The genetic background of cardiovascular risk is highly heterogeneous and involves numerous genes with roles in cardiac structure, electrophysiology, connective tissue integrity, and systemic metabolism. Representative genes within this panel include MYH7, MYBPC3, TTN, and LMNA, which are associated with cardiomyopathies; SCN5A, KCNQ1, KCNH2, and RYR2, which regulate cardiac ion channels and calcium handling; and LDLR, APOB, and PCSK9, which are involved in lipid metabolism. Additional genes such as FBN1, TGFBR1, TGFBR2, and SMAD3 contribute to vascular and connective tissue pathways, while F5, PROC, and PROS1 are involved in coagulation processes. The inclusion of a broad set of genes, such as ACTA2, DSP, FLNC, GLA, BMPR2, and SERPINA1, reflects the diverse biological mechanisms underlying cardiovascular and related systemic conditions.

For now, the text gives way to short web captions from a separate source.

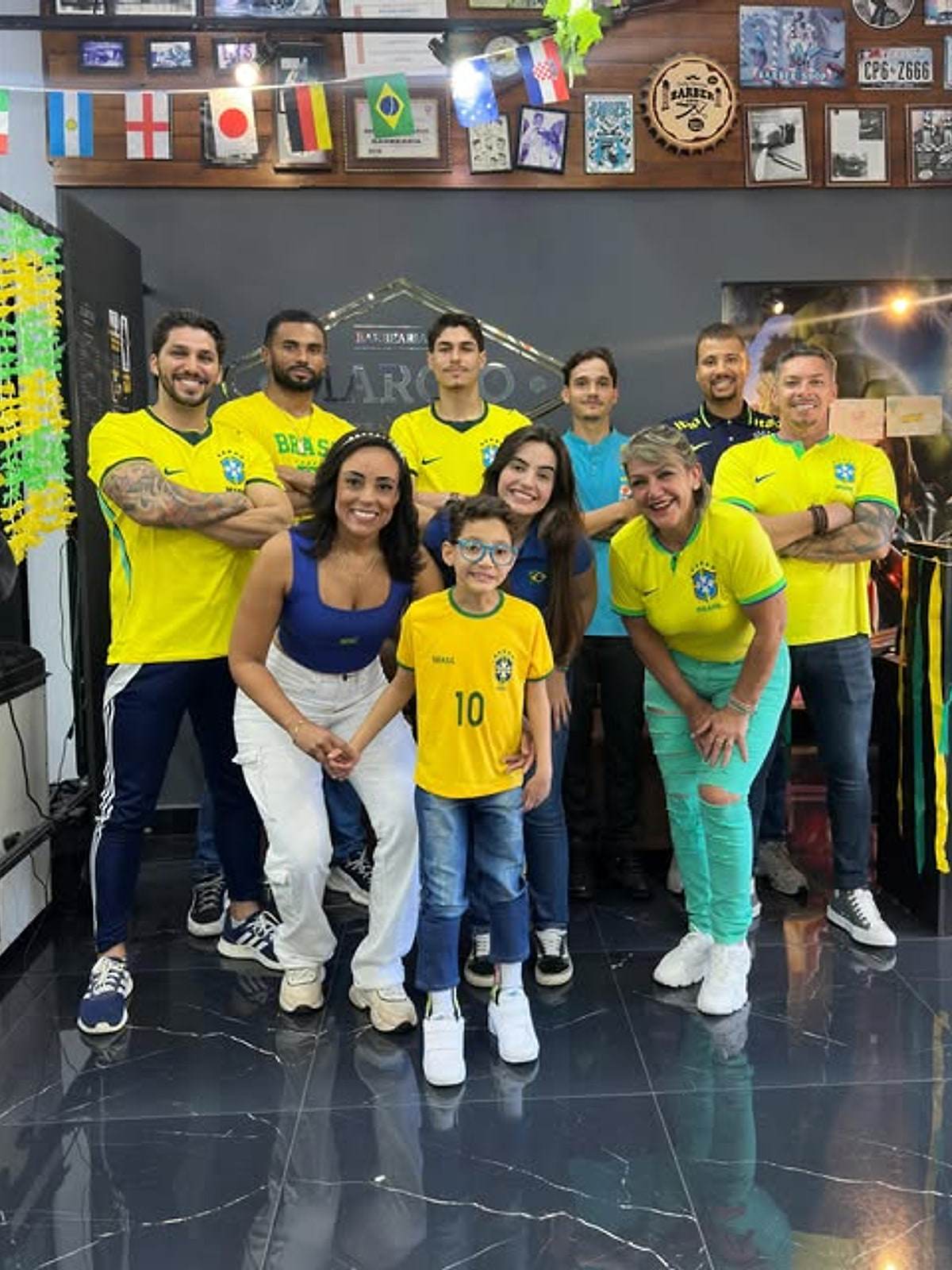 Equipe da Barbearia do Márcio reunida no salão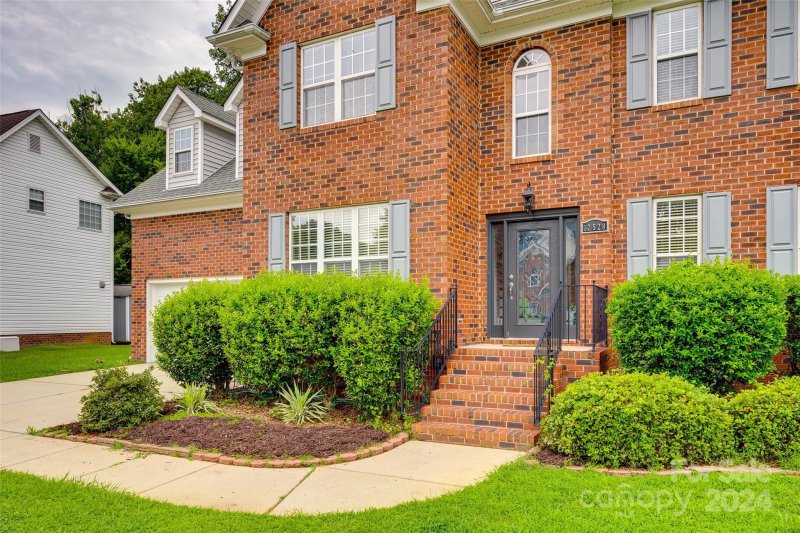 Property image 2 at 12528 Ivey Creek Drive, Charlotte, NC 28273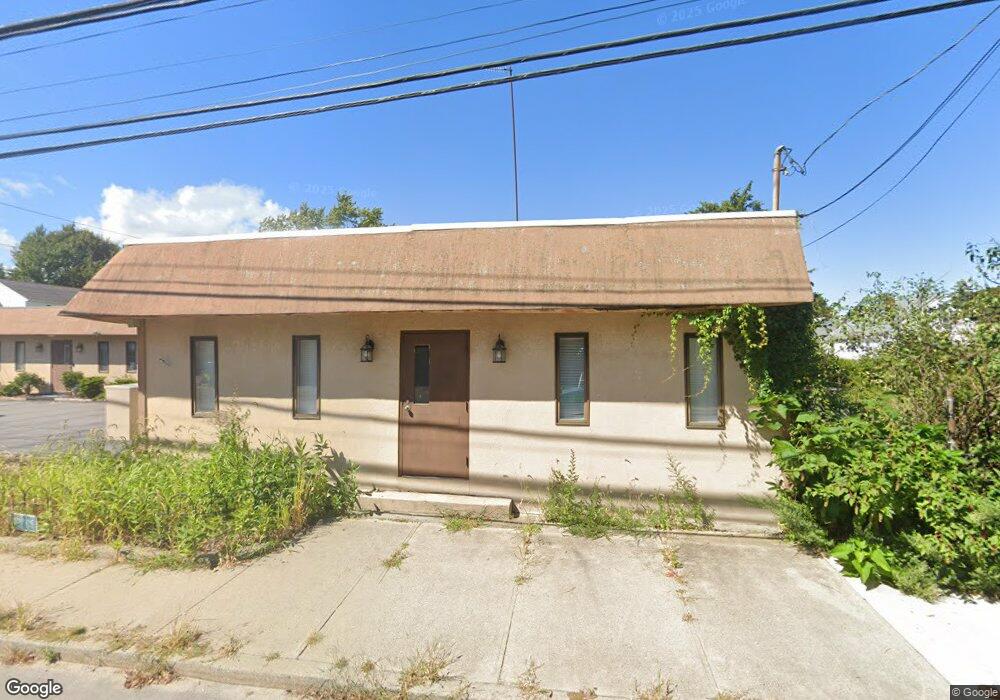 247 Pawtuxet Ave, Warwick, RI 02888 - photo 1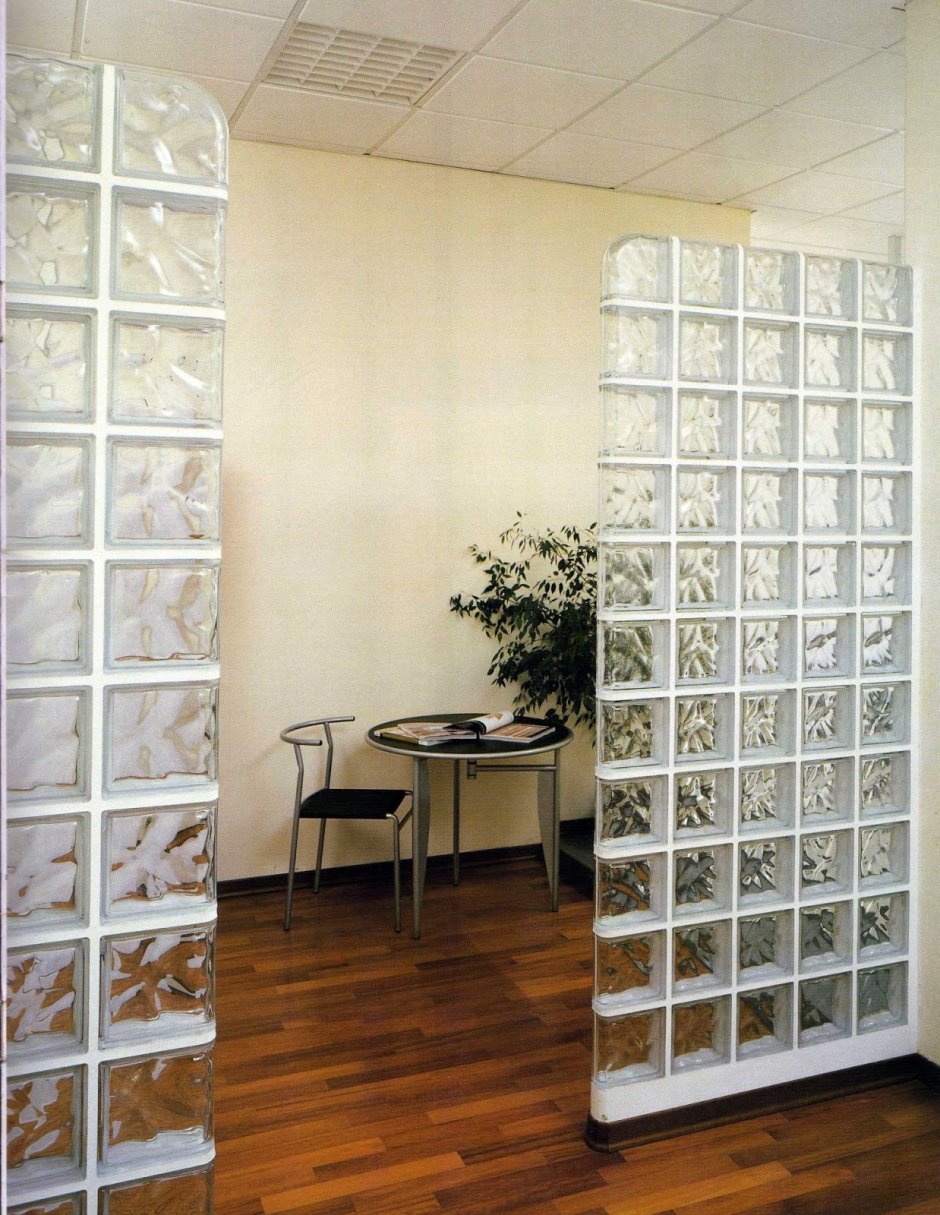 Бежевые стеклоблоки на белой стене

The clinical and phenotypic spectrum associated with inherited cardiovascular conditions is broad and variable. Individuals carrying genetic variants in these genes may present with a range of manifestations, including structural heart disease, arrhythmias, lipid abnormalities, vascular complications, pulmonary involvement, or coagulation disorders. The age of onset may vary significantly, and the severity and progression of disease can differ widely, even among individuals with similar genetic findings. Some individuals may remain asymptomatic, while others may develop early or progressive clinical features. This variability reflects the influence of additional genetic modifiers, environmental exposures, and lifestyle-related factors.

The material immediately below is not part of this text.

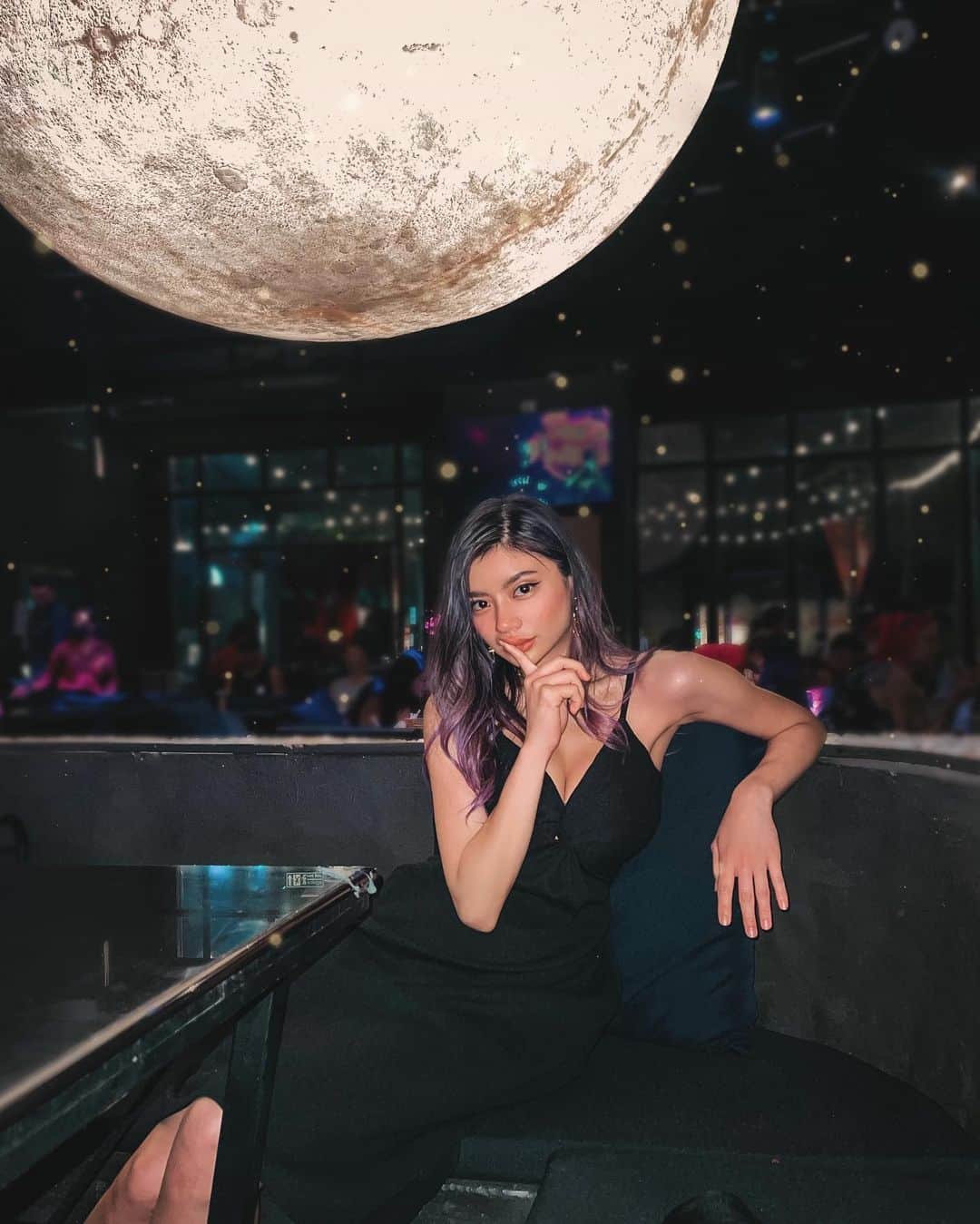 VIENNAのインスタグラム：「Take me to the moon🌕  フルムーンパーティーで出会って、 フルムーンパーティーの満月の下でプロポーズされたから 私にとって月はとてもたくさん思い出が詰まってます✨☺️  プロポーズは全くロマンチックじゃなかったしむしろプロポーズって気づかなかったからばりおもろかったけど 月ってなんか素敵だよねw」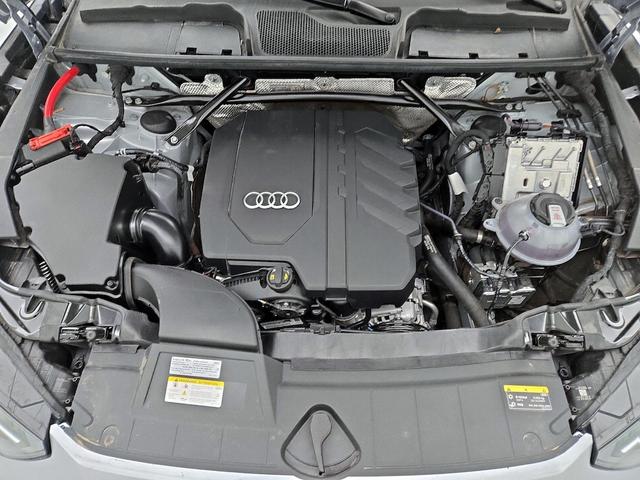 Photo of 2023 Silver Audi Q5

The Comprehensive Genetic Test for Cardiovascular Disease Predisposition is intended as a genetic risk assessment tool for asymptomatic individuals who seek information about their inherited predisposition to cardiovascular and related systemic conditions. It does not constitute a diagnostic test and is not designed to confirm or exclude the presence of disease. Instead, it evaluates genetic variants associated with increased susceptibility, providing insight into potential risk. The results are intended to support awareness of genetic predisposition and may be considered within the broader context of long-term health management, without implying certainty of disease development.
Within the broader genetic context, the level of risk associated with individual genes varies and may be categorized as low, moderate, or high based on current scientific evidence. The comprehensive genetic test for cardiovascular disease predisposition includes genes with established clinical relevance, including those recommended for reporting in secondary findings by ACMG (version 3.1), as well as additional genes associated with cardiovascular, pulmonary, metabolic, and hematological conditions. Risk classification is informed by peer-reviewed literature and quantitative metrics such as odds ratios, although these thresholds may not be absolute and may vary across studies. Interpretation of genetic variants follows internationally accepted standards, including ACMG/AMP guidelines, and only variants classified as pathogenic or likely pathogenic are reported.

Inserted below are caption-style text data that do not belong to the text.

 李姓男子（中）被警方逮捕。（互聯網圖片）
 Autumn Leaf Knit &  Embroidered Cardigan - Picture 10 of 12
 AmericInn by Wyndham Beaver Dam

The identification of clinically significant genetic variants may contribute to increased awareness of individual susceptibility and support long-term monitoring considerations. Such findings may provide a framework for understanding potential risks and facilitate informed discussions within a clinical setting. However, genetic results are intended to complement, and not replace, comprehensive medical evaluation and clinical judgment.
The test is performed in a clinical laboratory accredited to ISO 15189 and certified by CLIA and CAP, ensuring the validity, accuracy and international recognition of the results.